Thursday, September 16, 2004

The Information Market

Michael Van Winkle writes: "If Nobel Prize winning economist F.A. Hayek had been watching last week as bloggers spontaneously responded to fraudulent documents aired by the program '60 Minutes', he would've grinned in humble satisfaction."
We've all heard critics of the Internet claim that, because no one "controls" it, no one can control it from disseminating the most outrageous rumors and conspiracies. A similar critique was leveled at Hayek's arguments about markets: Sure, markets (spontaneous systems) can deliver food at reasonable prices, but advertising and marketing often mislead people about which foods they should buy.

This traditional criticism of the internet has now been aimed at the blogosphere and is embodied by big journalists like Jonathan Klein who, while defending the CBS story to The Weekly Standard remarked, "You couldn't have a starker contrast between the multiple layers of check and balances [at '60 Minutes'] and a guy sitting in his living room in his pajamas writing." Klein misses the point that it's not whether you can trust some guy in his pajamas, but whether you can trust a spontaneous system of thousands of guys in their pajamas trading information and imparting small, sometimes deceivingly insignificant, bits of information.
The media has been wrapping themselves in the First Amendment while telling us that we have to trust them because they know better than we what news is. A lot of people have noticed their bias, but their complaints are dismissed, because those people are not "journalists."

Then Roger Ailes came along. The man behind Rush Limbaugh and Fox News Channel realized that the news industry is not any different from any other. They are all market driven and those who ignore market developments are going to lose. There was and is a huge market for conservative views on current events, and Roger Ailes was the first to tap it in a big way.

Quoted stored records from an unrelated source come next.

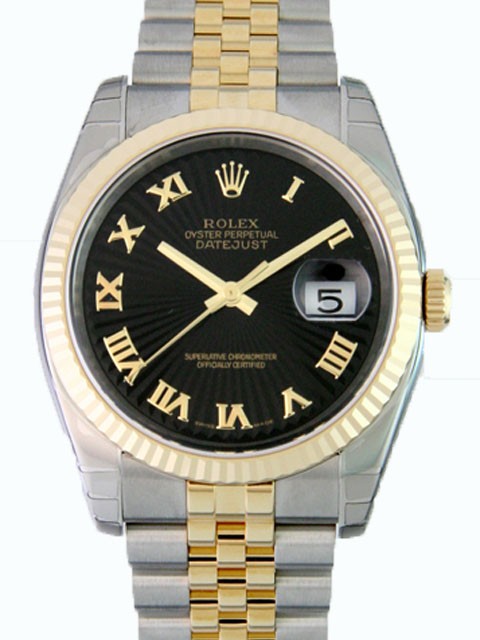 ロレックススーパーコピー ROLEX パーペチュアル デイトジャスト メンズ 116233 ジュビリーブレス ブラックサンビームローマ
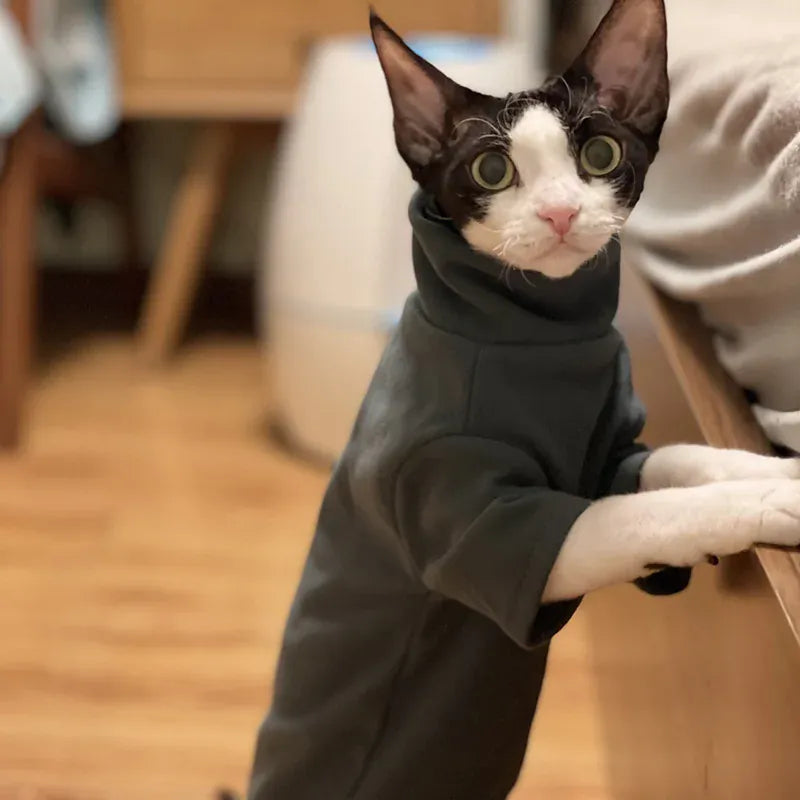 Sphynx Cat Clothes - Soft Cotton Fall & Winter Outfit | Hairless Cat Clothing for Cornish & Devon Cats | Cozy Kitten Costume for Small Dogs
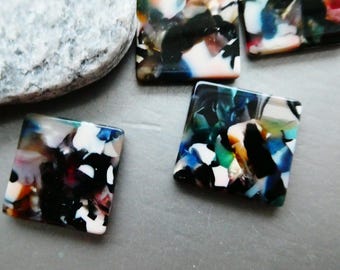 Marble diamond multi 18mm charm -2 pcs one hole plastic link-jewelry making-abstract craft beads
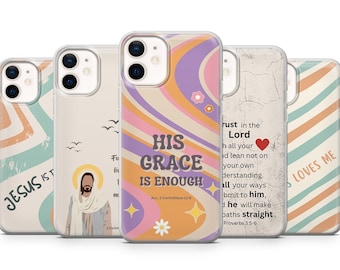 Funda para teléfono con versículos bíblicos cristianos, citas de Jesús, funda de gel suave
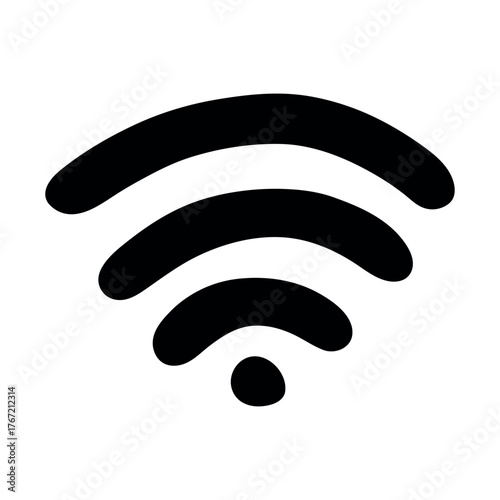 Hand drawn free wifi spot zone sign Public wi-fi area sign Wireless internet clipart in doodle style Single element for print, web, design, decor 3G, 4G, 5G, 6G, IoT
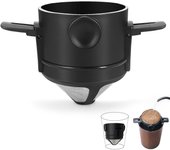 Cafetera de goteo reutilizable, filtro de café cónico portátil de acero inoxidable con soportes plegables, cafetera sin papel para 1 o 2 tazas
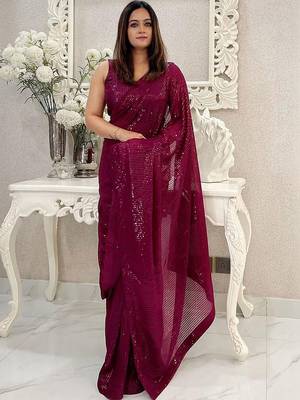 burgundy embellished sequinned pure georgette designer saree 5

Paul Harvey has know this all along, which is why he is still so popular, but he never had the insight that taking it into a larger format and talking to the audience would blow huge holes in the liberal juggernaut that the media have become. Ailes did.

And the internet invented blogging, creating an almost perfect market for news and opinion, because it wasn't controlled by anybody. The reaction by Big Media has been predictable: harumphing, "standing by" the story, and more spin.

We've seen this scenario before, with Mussolini in Italy, Louis XVI in France and, ironically, with Richard Nixon in the U.S.A.